2º Reyes 5:17: “Entonces Naamán dijo: Te ruego, pues, ¿de esta tierra no se dará a tu siervo la carga de un par de mulas? Porque de aquí en adelante tu siervo no sacrificará holocausto ni ofrecerá sacrificio a otros dioses, sino a Jehová.”

Cuando estamos estudiando la Biblia siempre es bueno revisar el contexto de los versículos anteriores y posteriores. Después se puede revisar el capítulo de donde proviene o provienen los mismos. Esto nos ayudará para comprender mejor el contexto.

Este caso particular está hablando de la conversión del general del ejército del rey de Siria (2 R 5:1), hombre enfermo por lepra.

Había una cautiva de la tierra de Israel (v.2) la cual servía a la mujer de Naamán. En el v.3 se nos dice que ella le sugiere a la mujer del general sirio que ruegue al profeta Eliseo para que fuera sanado de su lepra (v.1). En el relato, Naamán después de seguir el protocolo de la época, finalmente llega a la casa de Eliseo el cual simplemente sin verlo personalmente le nada a decir que vaya a lavarse 7 veces en el Jordán (v.10).
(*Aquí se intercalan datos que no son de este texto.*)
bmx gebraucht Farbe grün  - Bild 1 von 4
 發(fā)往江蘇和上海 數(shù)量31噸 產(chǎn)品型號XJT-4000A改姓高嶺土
Naamán sale enojado (v.11), pero aconsejado por sus siervos decide hacerlo y es sanado (v.14).

En vista de este milagro, Naamán pregunta si se puede llevar un “recuerdo” de esa tierra por la “bendición” que había recibido en el lugar (v.17). Pero la declaración de esa parte final del versículo nos muestra que Naamán era un impío que le servía y sacrificaba a ídolos o dioses de su tierra; pero que a partir de ese momento reconocería a Jehová por encima de todos ellos y que sólo a Él le ofrecería holocaustos y sacrificios.

Este es pues, el relato de la conversión de un impío al Señor. El v. 18 muestra la preocupación de Naamán debido a que él debía acompañar a su rey a entrar al templo del dios llamado Rimón y quería saber si lo podía hacer e inclusive inclinarse ante este dios. Aquí Naamán muestra una conciencia recién convertida y el profeta simplemente le dice: “Ve en paz” (v.19). Dios entendería el corazón de Naamán con respecto a esta situación. Tenía que madurar. Claro está que esto, no es indicativo de que debemos exponernos a un ambiente que vaya en contra de la Palabra de Dios. Pero esto, sólo lo aprenderemos en la medida en que maduremos. Pero si lo podemos evitar, hagámoslo.